In the context of this EV battery life prediction app, ANN plays a crucial role in making sense of the data gathered from the vehicle’s performance. By training the ANN on data from multiple sources, such as charge cycles, temperature changes, and driving behavior, the network can identify the most significant factors contributing to battery degradation. It will then use this knowledge to predict how much life is left in the battery, offering users a reliable estimate. The ability of ANN to learn from diverse data sets makes it ideal for accurately predicting future battery performance, ensuring that the app provides users with actionable insights and recommendations for maintaining their EV’s battery.

The columns in the dataset are:

1) type : Indicates the type of test performed on the battery. Values include:

(a) discharge: This means that discharge test was performed on the battery.

- A discharge test measures how much energy (capacity) a battery can deliver when it's being drained under controlled conditions. A discharge test measures how much energy (capacity) a battery can deliver when it's being drained under controlled conditions.

- During this test, the battery is discharged at a specific rate. The amount of electrical charge (in Amp-hours) that the battery can deliver is measured. This measurement directly represents the battery's capacity.

- Only value of column 'Capacity' can be recorded in this test as this test measures the battery's energy storage capability, which can only be measured when the battery is actually delivering power ie being discharged.

(b) charge: This means that charge test was performed on the battery.

- A charge cycle is when the battery is being recharged by receiving electrical energy from a power source. During this process, the battery is receiving power rather than delivering it and the primary focus is on safely restoring the battery's energy. The charge cycle data is valuable for tracking battery health.

- None of the three parameters (Capacity, Re, Rct) can be measured during charging because capacity can only be measured during discharge when the battery is delivering power. Re and Rct measurements require specific impedance testing conditions that would interfere with the charging process.

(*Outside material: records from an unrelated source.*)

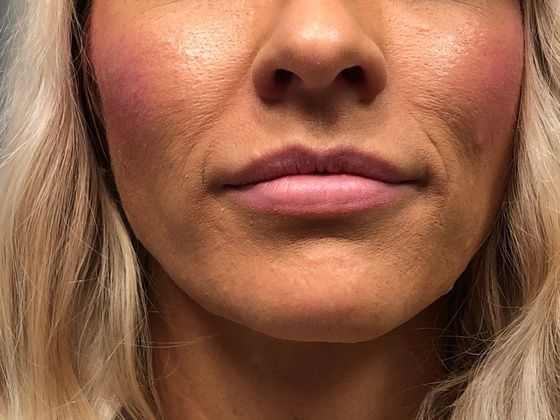 Cosmetic Injectables & Fillers*: Case 38 Lip Filler - Before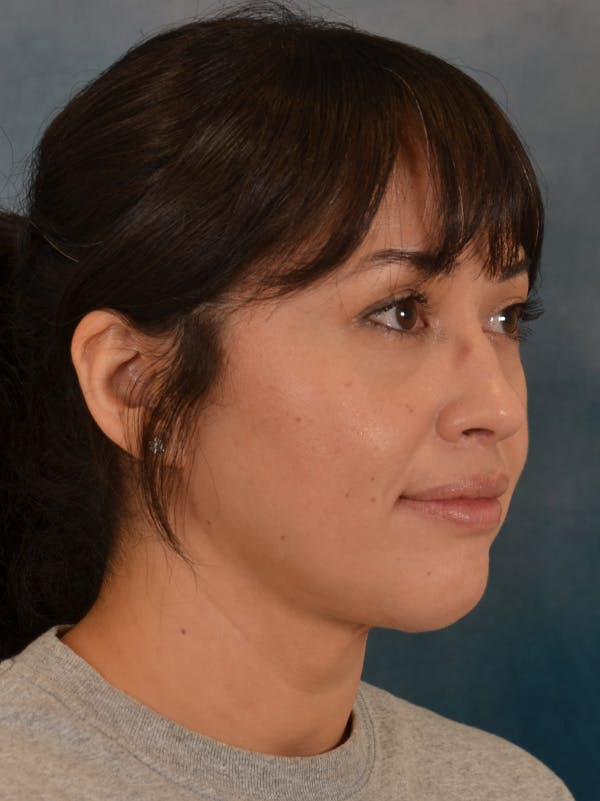 Deep Neck Lift Before & After Gallery - Patient 121070 - Image 4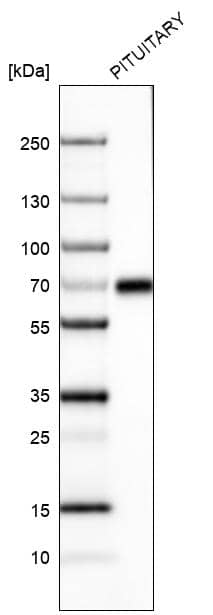 Analysis in human pituitary gland tissue.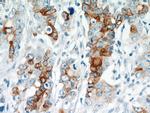 TMPRSS4 Antibody in Immunohistochemistry (Paraffin) (IHC (P))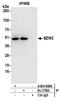 Basic Leucine Zipper And W2 Domains 2 antibody, A304-608A, Bethyl Labs, Immunoprecipitation image 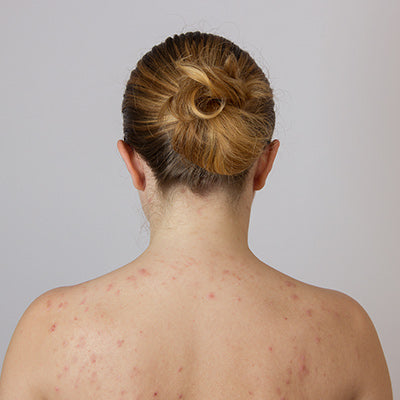Shoulder Acne - Important Things You Ought to Know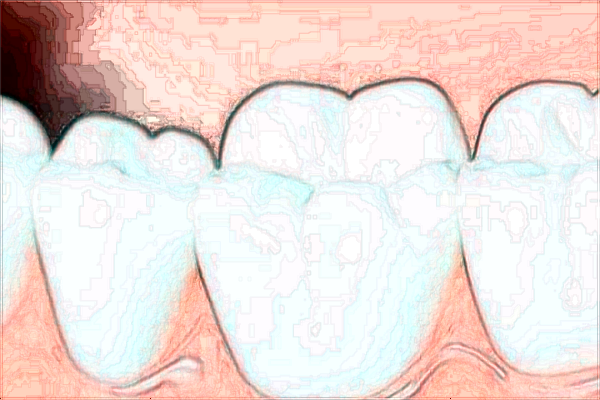 2024南京市中醫(yī)院補(bǔ)牙價(jià)目表(價(jià)格表)十一月上新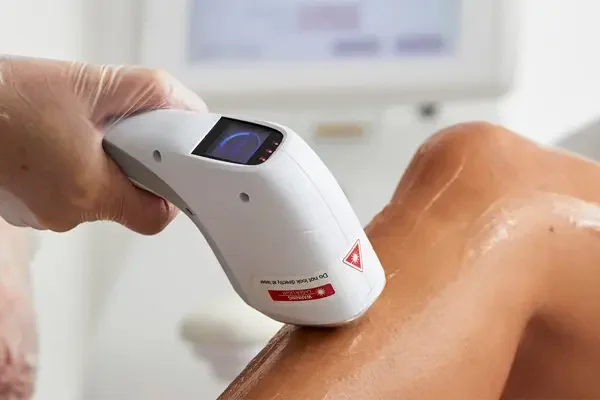A medical professional applies a laser treatment to a person's arm, likely for skin therapy or treatment.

Also, the charging process itself introduces electrical noise and varying current flows that would make these measurements inaccurate.

(c) impedance: An impedance test measures the battery's internal resistance characteristics by applying small AC (alternating current) signals.

- During this test, Re (Ohmic Resistance) measures the battery's pure electrical resistance to current flow and Rct (Charge Transfer Resistance) measures the resistance associated with chemical reactions at the electrode interfaces.

- The impedance test is crucial for assessing the battery's internal health, detecting degradation in the battery's components, identifying potential failure mechanisms, and evaluating the battery's power capability.

- Only Re and Rct can be measured during impedance tests because these measurements require specific AC signal applications and frequency response analysis and the test must be performed in a steady state (not charging or discharging).

2) start_time : The timestamp when the test started, represented as [year, month, day, hour, minute, seconds]

3) lifetime_in_hours : Lifetime of the Electric Vehicle (EV) battery in hours.

4) battery_id : Unique identifier for each battery (e.g., B0047, B0045, B0046, B0043).

5) test_id : Sequential test number for each battery, starting from 0.

6) uid : Unique identifier for each test across all batteries.

7) filename : Name of the CSV file containing the detailed measurements for that specific test.

8) Capacity : Battery capacity measurement in Amp-hours (Ah), only recorded during discharge cycles.

9) Re : Ohmic resistance (in ohms), only recorded during impedance tests.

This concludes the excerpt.